Selon le chirurgien de l’hôpital du district de Novozybkov, Viktor Khanaïev, le danger provient non du rayonnement en tant que tel, mais des doses infimes de radiation absorbées avec les produits locaux. Au fil des années, ces concentrations risquent de provoquer un cancer et de se répercuter sur la descendance.
La population locale est tellement habituée aux radiations qu’elle préfère ne pas en parler, bien que les radionucléides aient intoxiqué tout ce qui pousse et qui existe dans la région : la terre, l’eau, le bois, les animaux sauvages, les baies et les champignons. Or, les salaires étant très bas, la forêt et le potager sont les principales sources d’alimentation. « On en a mangé pendant trente ans et rien d’horrible n’est arrivé », disent les habitants.
Mais c’est quand même horrible. Une employée du laboratoire local de contrôle des rayonnements indique que si la terre est devenue moins contaminée, les produits contiennent des doses tout aussi élevées qu’il y a trente ans. Des champignons séchés cueillis l’année dernière affichent en laboratoire une dose de 100 000 becquerels par kilo, le niveau accepté étant de 2 500.
Toutefois, la liste 2016 des localités devant être évacuées dans la région de Briansk est devenue plus courte et ne compte plus que 26 villages au lieu de 226. Novozybkov est officiellement exclu de cette liste. La compression de celle-ci a entraîné une réduction des allocations versées aux habitants des régions dangereuses : ils ne touchent plus en moyenne que 1 000 roubles (13,5 euros) par mois au lieu de 2 000 (27 euros).
Les sommes débloquées par l’Etat et les autorités locales ne suffisent pas à relever la région. Mais les habitants ne veulent pas partir. « Il est possible d’y vivre à condition de respecter les règles de sécurité radiative, affirme Viktor Khanaïev. Il est indispensable de décontaminer la forêt et d’amener des produits sains et des engrais spéciaux. C’est l’Etat qui doit nous aider, mais il ne nous aide pas ».
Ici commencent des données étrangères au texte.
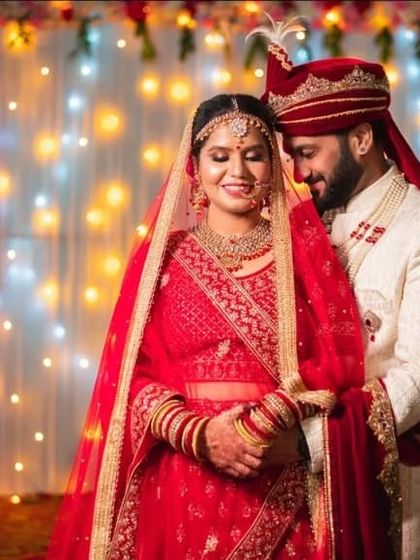 Couple Portraits: Editorial & Intimate photo 10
« Peu importe l’appellation de notre zone. Nous avons besoin d’indemnisations réelles », indique le médecin. Les indemnités – allant de 2 000 (27 euros) à 6 000 roubles (80 euros) – seraient d’une grande aide dans une région où il y a peu d’emplois et où 10 000 roubles (135 euros) constitue un bon salaire.
Oksana Inachevskaïa, présidente du Conseil des mères de Novozybkov, estime que les habitants sont prêts à affronter les problèmes, mais qu’ils ne voient aucune perspective économique : « Le développement économique de ces régions s’est achevé avec l’accident de Tchernobyl ».